Butcher Shop at Sugar Mountain Farm closed in before winter!
Location: Mountains of Vermont, USDA Zone 3
posted 7 years ago
Last week we completed the final pour of concrete which closed in the building. 82 cu-yards of concrete in a mix of poured reinforced concrete and ferro-cement using lots of lathe, wwm, rebar, stainless steel and basalt. Now we can work indoors, finishing off the USDA inspector's office, bathroom and initial cutting room while the cold winds and snows of winter blow outside. Here are some posts with lots of details and photos:
It feels really good to finally have the structural building closed in. It is super insulated and super massive designed for easy cleaning, low maintenance and energy efficiency. We're only a little over budget after four years of work. This winter we anticipate starting to cut meat in our own on-farm butcher shop. We can almost taste the bacon!

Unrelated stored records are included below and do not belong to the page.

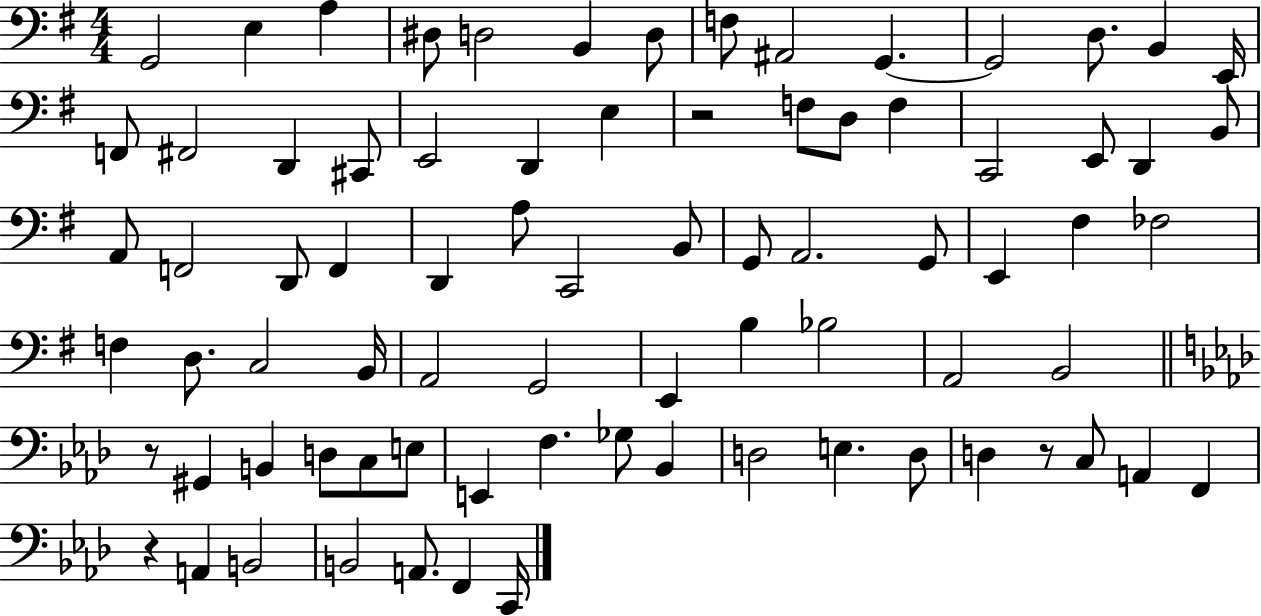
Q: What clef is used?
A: bass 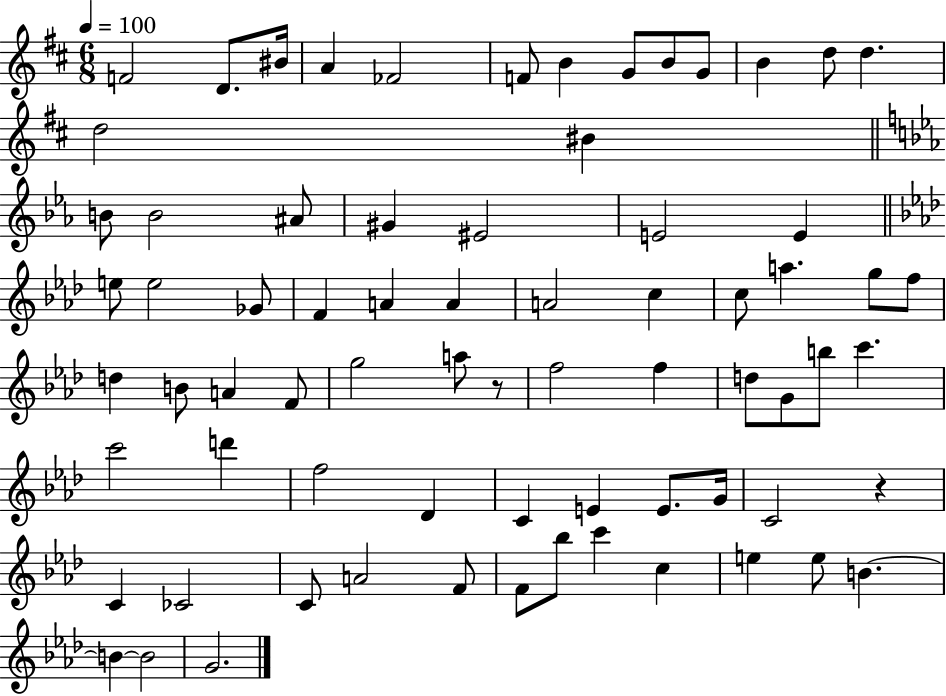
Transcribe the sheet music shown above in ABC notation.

X:1
T:Untitled
M:6/8
L:1/4
K:D
F2 D/2 ^B/4 A _F2 F/2 B G/2 B/2 G/2 B d/2 d d2 ^B B/2 B2 ^A/2 ^G ^E2 E2 E e/2 e2 _G/2 F A A A2 c c/2 a g/2 f/2 d B/2 A F/2 g2 a/2 z/2 f2 f d/2 G/2 b/2 c' c'2 d' f2 _D C E E/2 G/4 C2 z C _C2 C/2 A2 F/2 F/2 _b/2 c' c e e/2 B B B2 G2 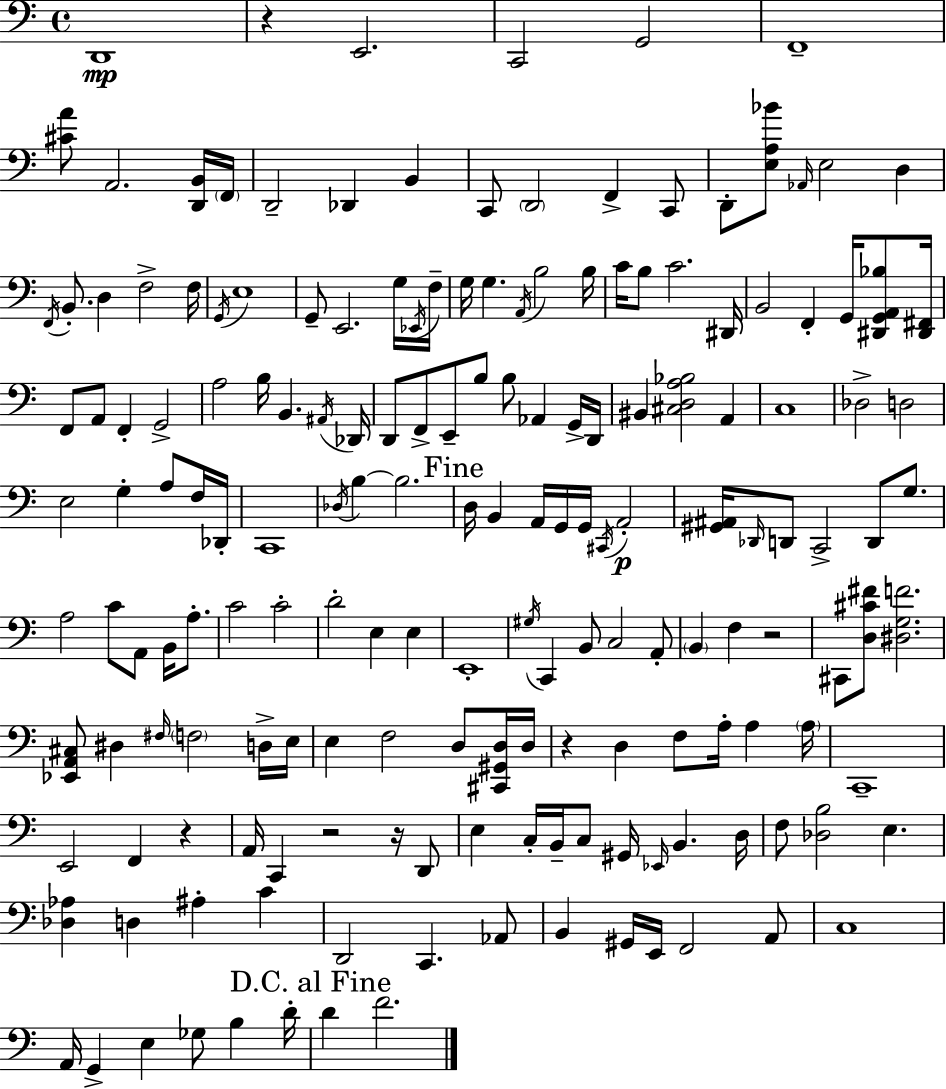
X:1
T:Untitled
M:4/4
L:1/4
K:C
D,,4 z E,,2 C,,2 G,,2 F,,4 [^CA]/2 A,,2 [D,,B,,]/4 F,,/4 D,,2 _D,, B,, C,,/2 D,,2 F,, C,,/2 D,,/2 [E,A,_B]/2 _A,,/4 E,2 D, F,,/4 B,,/2 D, F,2 F,/4 G,,/4 E,4 G,,/2 E,,2 G,/4 _E,,/4 F,/4 G,/4 G, A,,/4 B,2 B,/4 C/4 B,/2 C2 ^D,,/4 B,,2 F,, G,,/4 [^D,,G,,A,,_B,]/2 [^D,,^F,,]/4 F,,/2 A,,/2 F,, G,,2 A,2 B,/4 B,, ^A,,/4 _D,,/4 D,,/2 F,,/2 E,,/2 B,/2 B,/2 _A,, G,,/4 D,,/4 ^B,, [^C,D,A,_B,]2 A,, C,4 _D,2 D,2 E,2 G, A,/2 F,/4 _D,,/4 C,,4 _D,/4 B, B,2 D,/4 B,, A,,/4 G,,/4 G,,/4 ^C,,/4 A,,2 [^G,,^A,,]/4 _D,,/4 D,,/2 C,,2 D,,/2 G,/2 A,2 C/2 A,,/2 B,,/4 A,/2 C2 C2 D2 E, E, E,,4 ^G,/4 C,, B,,/2 C,2 A,,/2 B,, F, z2 ^C,,/2 [D,^C^F]/2 [^D,G,F]2 [_E,,A,,^C,]/2 ^D, ^F,/4 F,2 D,/4 E,/4 E, F,2 D,/2 [^C,,^G,,D,]/4 D,/4 z D, F,/2 A,/4 A, A,/4 C,,4 E,,2 F,, z A,,/4 C,, z2 z/4 D,,/2 E, C,/4 B,,/4 C,/2 ^G,,/4 _E,,/4 B,, D,/4 F,/2 [_D,B,]2 E, [_D,_A,] D, ^A, C D,,2 C,, _A,,/2 B,, ^G,,/4 E,,/4 F,,2 A,,/2 C,4 A,,/4 G,, E, _G,/2 B, D/4 D F2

It's been wonderful following this project. I'm so glad you were able to get it closed in prior to the first big snowstorm.
We're in Wisconsin, so are unlikely to buy large quantities of pork from y'all, but I can't wait to see how the rest of the project goes. I can see Will going into the gourmet sausage business, selling mixed meat sausages for $9/pound. (My favorite sausage from our own butchering projects this fall was Cole's lamb/pork sausage with dried apricots, dried cranberries and crystallized ginger.)
Our son Will is very interested in the charcuterie, doing the specialty sausages, bacon, hams, fermented meats and such. He's been reading about them and experimenting in small ways in our home kitchen but looks forward to having a facility with a commercial kitchen, fermenting caves, brine room and smokehouse where he can do this stuff for real. After we get the meat cutting up and running sausage follows very quickly. Then next we hope to setup a small smoker and small commercial kitchen. Later we'll expand those once we have the slaughter on-farm too. Baby steps.
I'm sure you've gotten him a copy of Ruhlman's and Pulcyn's excellent book on the topic, Charcuterie? That was my source of information for making 2 full-leg bone in prosciutto 2 hogs ago, and 2 classic american hams with this year's hog. He has a new book, Salumi, but I haven't bought that. Yet.